For every doll there is a related, true-life story, and Kit's historical backdrop involves the Great Depression -- an ironic fact, when one thinks about it, since the real-life Kit could have never afforded to purchase a plastic Kit.

For a company so clearly determined to convert its luxury doll business not only into a book franchise and a tourist business but also into a movie franchise, "Kit Kittredge" is an intriguing -- and timely -- inaugural big-screen project. While the American Girl dolls cater to an affluent clientele, the first film is clearly being made with the economic struggles of the flyover states in mind.

To wit, young Kit lives in the heart of Cincinnati and we see the Depression less through the eyes of panicking mortgage brokers and unemployed fathers than through the confusion, mystified and terrified eyes of their children. At school, our heroic youngster watches as the wealthy kids in suits and ties mock the disadvantaged young girls who arrive wearing dresses made out of chicken feed bags.

Back at home, she watches as friends are forced to leave the neighborhood, their mothers forced into shelters and their fathers leaving the state altogether to find work. She keeps hearing the tirades of adults who are terrified of the dangerous "hobos" that are starting to flood the streets, robbing passersby of their money and valuables. Soon, she's witnessing the systematic breakdown of her own home, as dad leaves for Chicago, mom is forced to welcome in boarders to make the rent, and a hobo has apparently stolen her family's valuables.

Over the next few weeks and months, Kit gradually finds herself going to school in feed bags, becoming friends with her mother's boarders -- which include a magician (Stanley Tucci), a dancer (Jane Krakowski) and a "mobile librarian" (Joan Cuasck) -- and becoming friends with the young "hobo" boys who her mother has agreed to feed. In an amazing -- and distinctly old-fashioned -- twist, Kit is friends with the daughter of the man who owns her family's mortgage, and is able to get a month's reprieve from the banker thanks to this face-to-face contact.

It's entirely possible that "Kit Kittredge" could have come off as condescending -- this story of a well-to-do girl experiencing the adventures of poverty -- if director Patricia Rozema had not so clearly presented the drama from the perspective of a lone little girl.
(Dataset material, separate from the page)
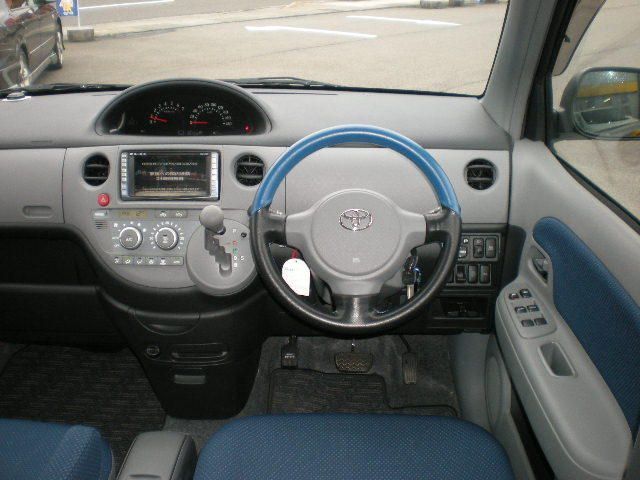 2004 Toyota Sienta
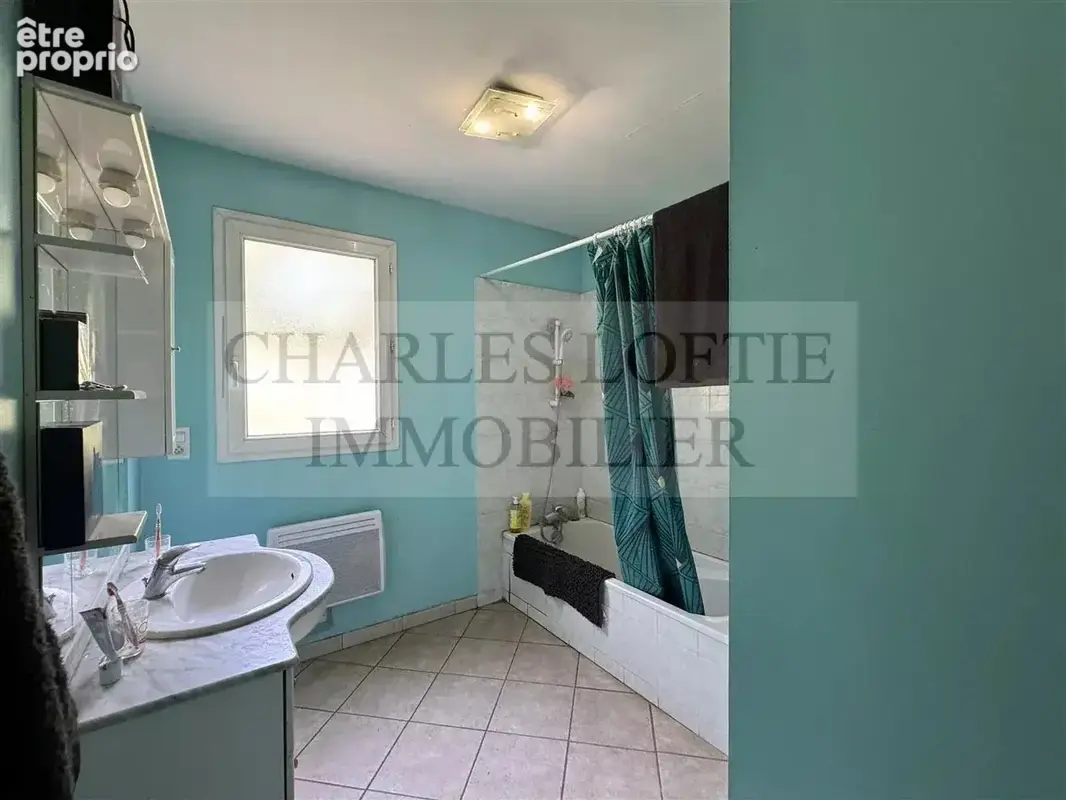 Maison familiale avec garage attenant, sur terrain de plus de 4900 m² - photo 9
Children rarely know all the details, but instead rely on emotions, and so Kit's gradual progression is entirely believable. She matures in front of our eyes, evolving from a state of teary-eyed humiliation to one of adaptation and survival.
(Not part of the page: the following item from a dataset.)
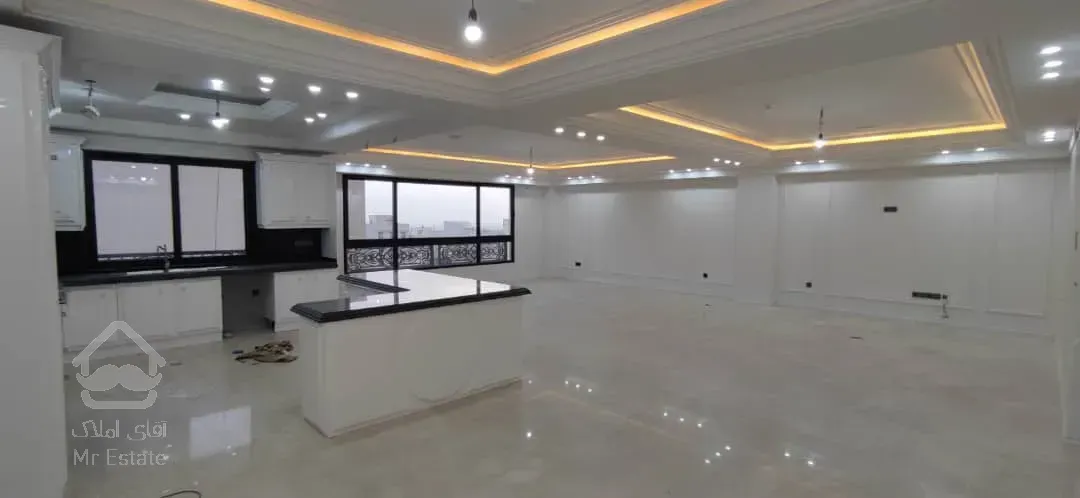 فروش اپارتمان۹۵  متر زیر قیمت سالن پرده خور نور و نقشه عالی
The movie works best when it's about Kit the child, and not Kit the amateur investigative reporter and detective. Surely as a means of providing audiences a happy ending, the movie devolves when Kit's mom (a tough, tenacious and tender Julia Ormond) is robbed, the police botch the investigation, and Kit sets out with her friends to solve the murder, Nancy Drew-style. While this third act imparts an important message -- to never judge a book by its cover, or a person by his social status -- it is nevertheless an unwise, and unneeded, detour into pure escapism.

Unneeded because the movie has already proven by this point that it can handle the trickier, more tragic material with style and grace. Here we have an all-too-timely story about a group of young girls persevering through unprecedented hardships, arriving in theaters at a time of sweeping financial hardships. For a holiday film released by a major studio, "Kit Kittredge" is admirably topical, empathetic and emotional. It's a smart treasure of a thing.